Deploying the sample application, also deploys sample pipelines (of course, you could build your own or use templates to customize). In minutes, I was able to initiate a staging deployment that is fully automated with Manual Verification steps to validate release in staging.
In an machine learning world where you want to operationalize models to production, this manual verification could be a perfect hand off / collaboration point between my data science teams and operations teams. A data scientist workflow could be integrated into a Manual Judgment step allowing the data scientists to bring his/her domain experts and ensure that model performance is meeting the goal. In industries like health care, a data science team can almost never validate a model to be ready for production use without input from domain experts to ensure patient safety is considered first. An architecture backed by Spinnaker which utilizes Kubernetes under the hood can be a blessing for data scientists, who now don’t have to care about infrastructure requests for big/small or medium data projects. All of this is automatically take care for them as part of the application deployment configurations.
Once the application is approved for a given environment, decisions to do rolling upgrades, canary analysis are available free with Spinnaker and significantly eases the operational and release burden to accelerate innovation.
While my experimentation with Spinnaker is just getting started, there is a lot more to learn and do. There are several companies investing in approaches to deliver Spinnaker to the enterprise (OpsMx, Armory, Cloudbees are just some of them)
In context of applications using predictive models, there are many other evolving approaches (eg. Seldon, AWS SageMaker to name a few) which can host and expose a model via API while providing a lot of relevant metrics for data scientists. This is an evolving space as Kubeflow integrates Seldon to support hosted models easily using Kubeflow.
Embracing change requires IT to have a smooth, efficient and well governed application lifecycle with continuous delivery not just for predictive analytics applications, but for all enterprise applications and services. While many organizations are getting really good at CI (Continuous Integration), Continuous Delivery still remains an aspiration.

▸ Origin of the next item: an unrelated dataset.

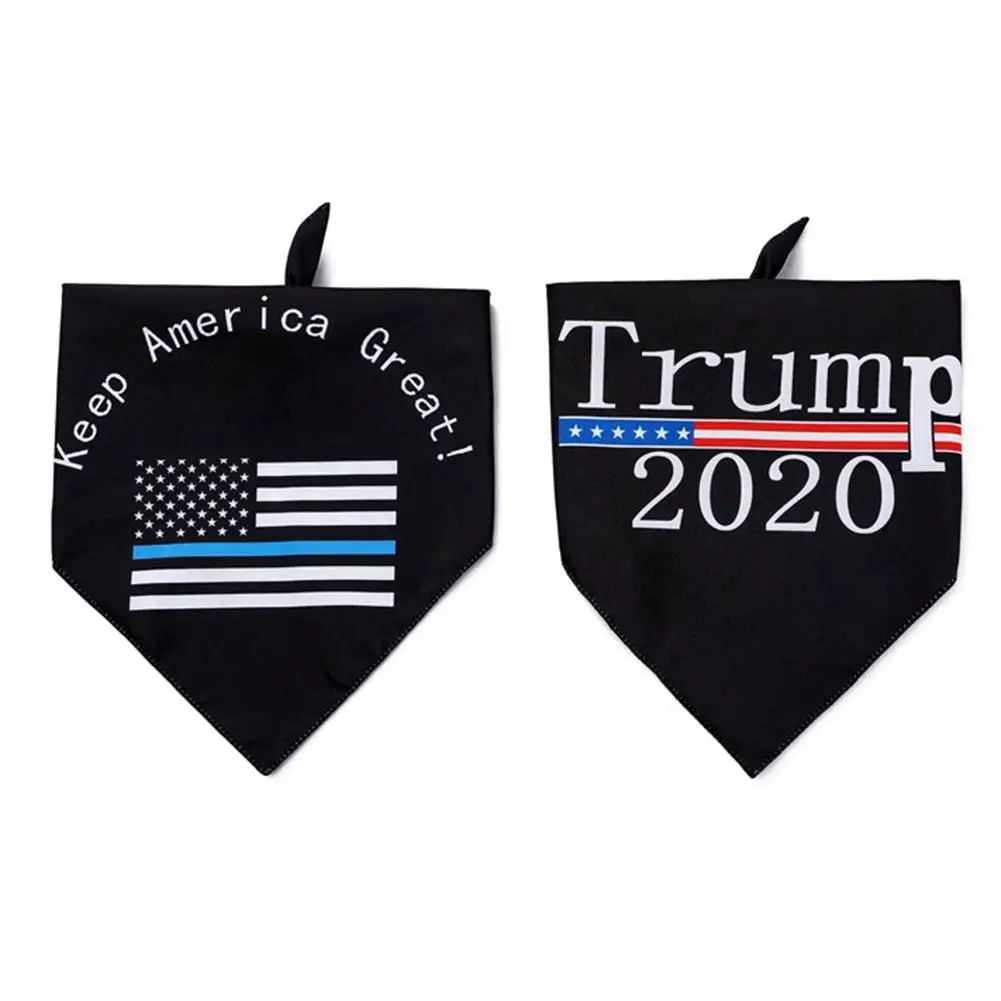 Keep America Great Trump 2020 слюнявчик Полотенце Унисекс бандана треугольный шарф головной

Embracing change is easier said than done but post COVID19, ability to embrace change fast, is a must have to stay relevant. Until we address the last mile of the application delivery with continuous delivery, “fail-fast” may remain a myth with a constant blame game between development/engineering and IT operations. DevOps as as culture is here to stay but now we add data scientists and domain experts to the mix.
CIO’s and CTOs will need to think about what their post COVID19 IT strategy and enterprise architecture will look like where machine learning, and cloud, are becoming a defacto go-to technologies to support a remote workforce, at scale.
Will CIO’s make Modernizing IT a top priority in 2021 and will they be asking their teams, what is their approach to continuous delivery of applications?